-- Information supplied --
━━━
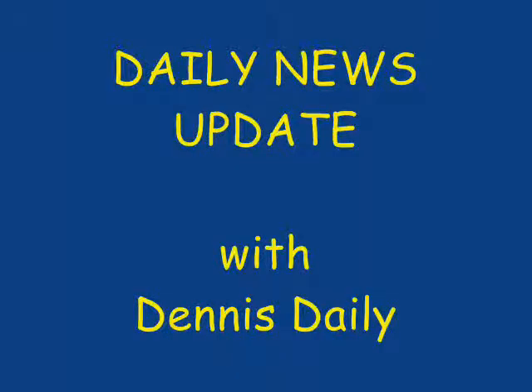This is your daily news update. Newsman Dennis Daly reports on some of today's current events. Now, with the latest update, here's Dennis. Hi and thanks again everybody.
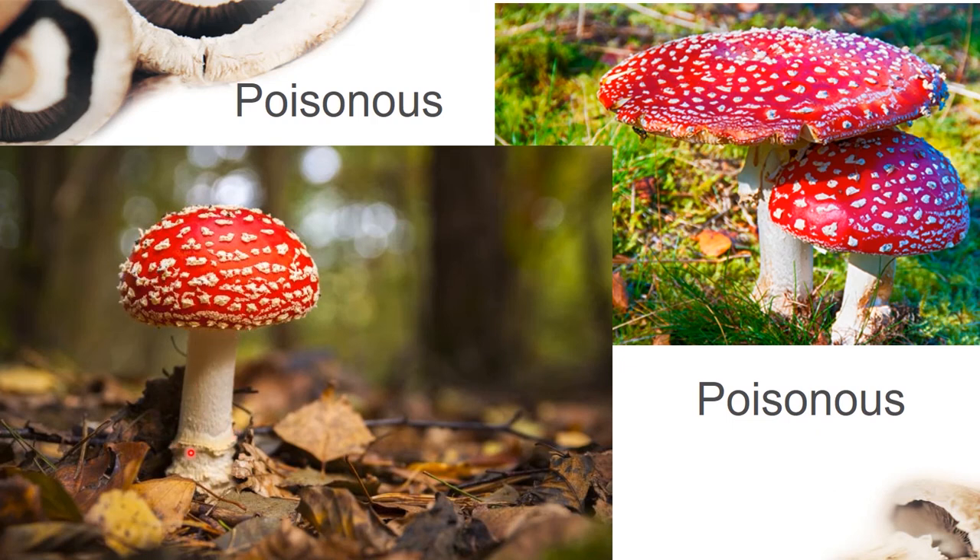This is the ring of this mushroom — look at the ring here. And the bag of this mushroom is located under the base.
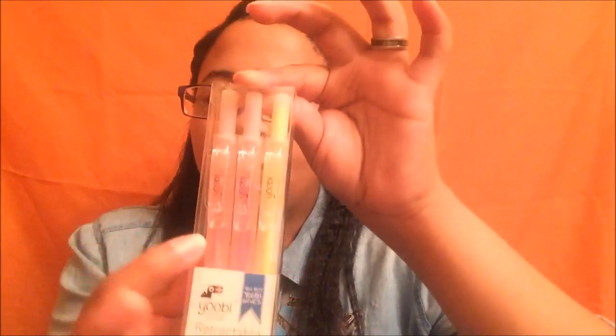All of these are from Target. The first thing is this pack of three retractable highlighters — there's an orange one, a pink one, and another color. Those will come in handy. I also have a little index card holder by the same brand, and it came with a pack of index cards. Inside it has little plastic slots so you can organize your notes by subject or chapter.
━━━
Write out exactly the lines of the material above, starting with the first and finishing with the line that contains "This is the", without pictures.

This is your daily news update. Newsman Dennis Daly reports on some of today's current events. Now, with the latest update, here's Dennis. Hi and thanks again everybody.
This is the ring of this mushroom — look at the ring here. And the bag of this mushroom is located under the base.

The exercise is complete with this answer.